DATA EXTRACT:
##############################
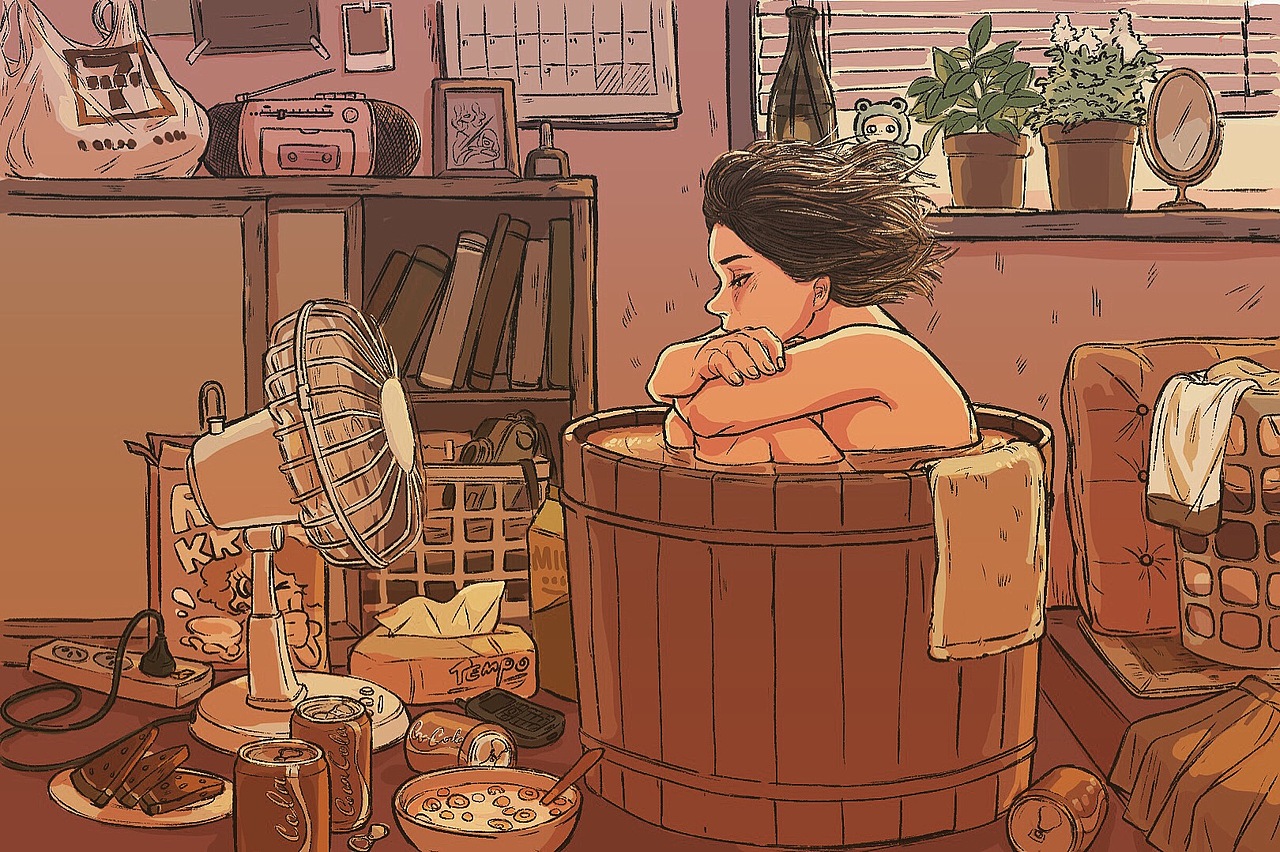 「旧图」关于夏天的几则插画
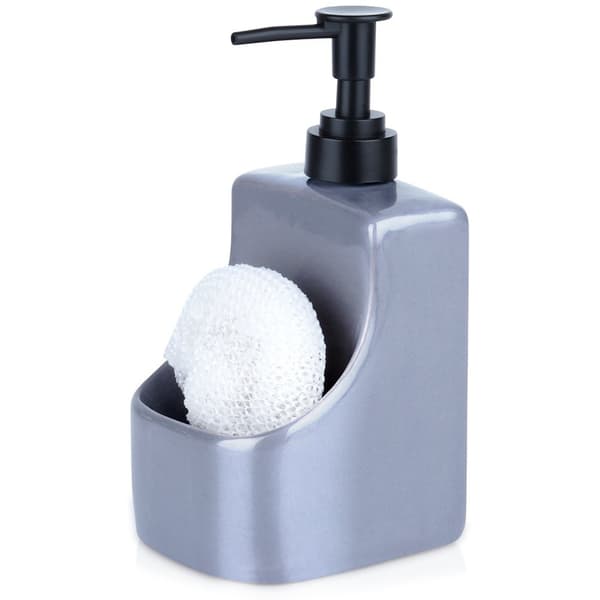 Opvaskemiddeldispenser med svampeholder - Keramik - 400 ml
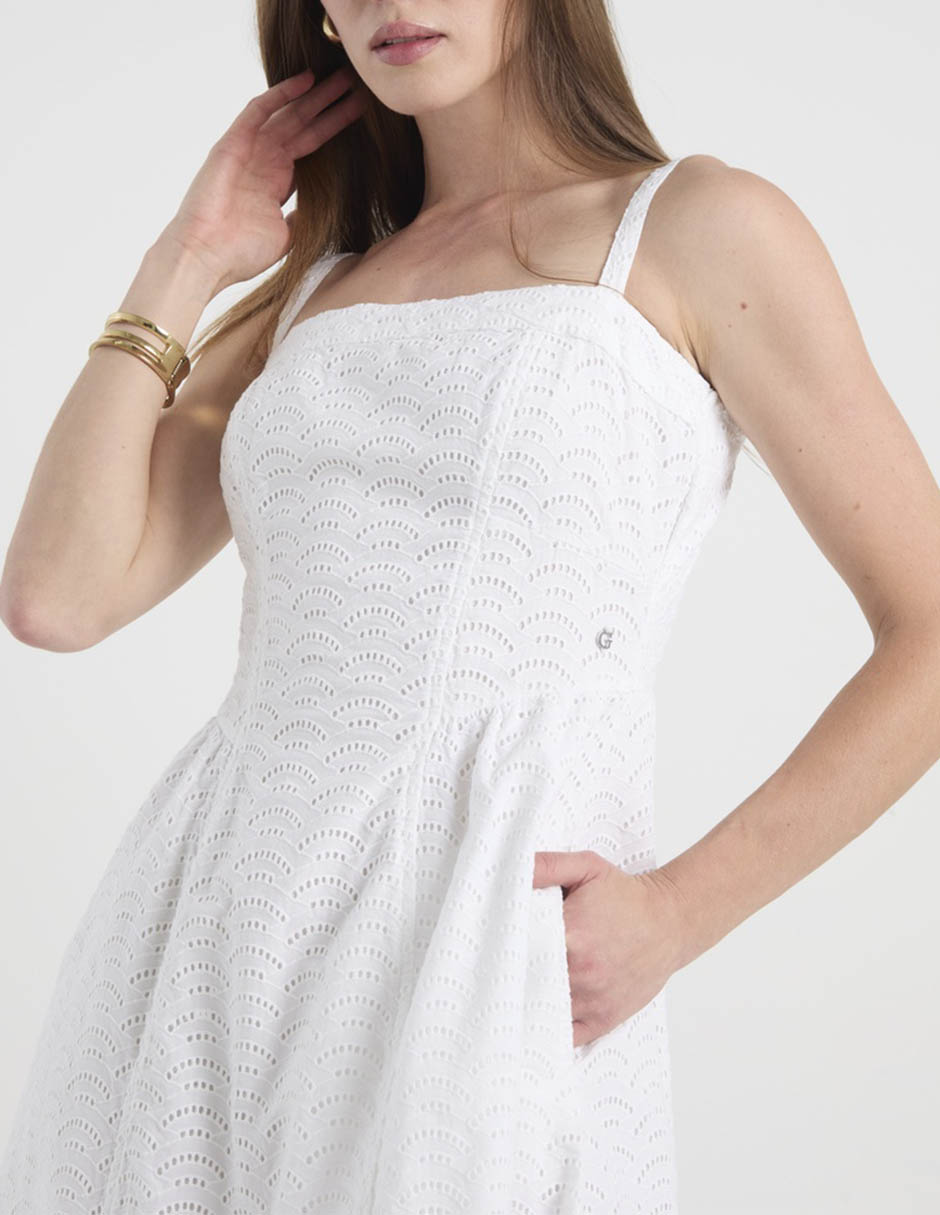 Vestido a la rodilla casual para mujer 4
##############################
EXERCISE: The material must be restated verbatim. Its pictures must be omitted.

TASK ANSWER:
 「旧图」关于夏天的几则插画
 Opvaskemiddeldispenser med svampeholder - Keramik - 400 ml
 Vestido a la rodilla casual para mujer 4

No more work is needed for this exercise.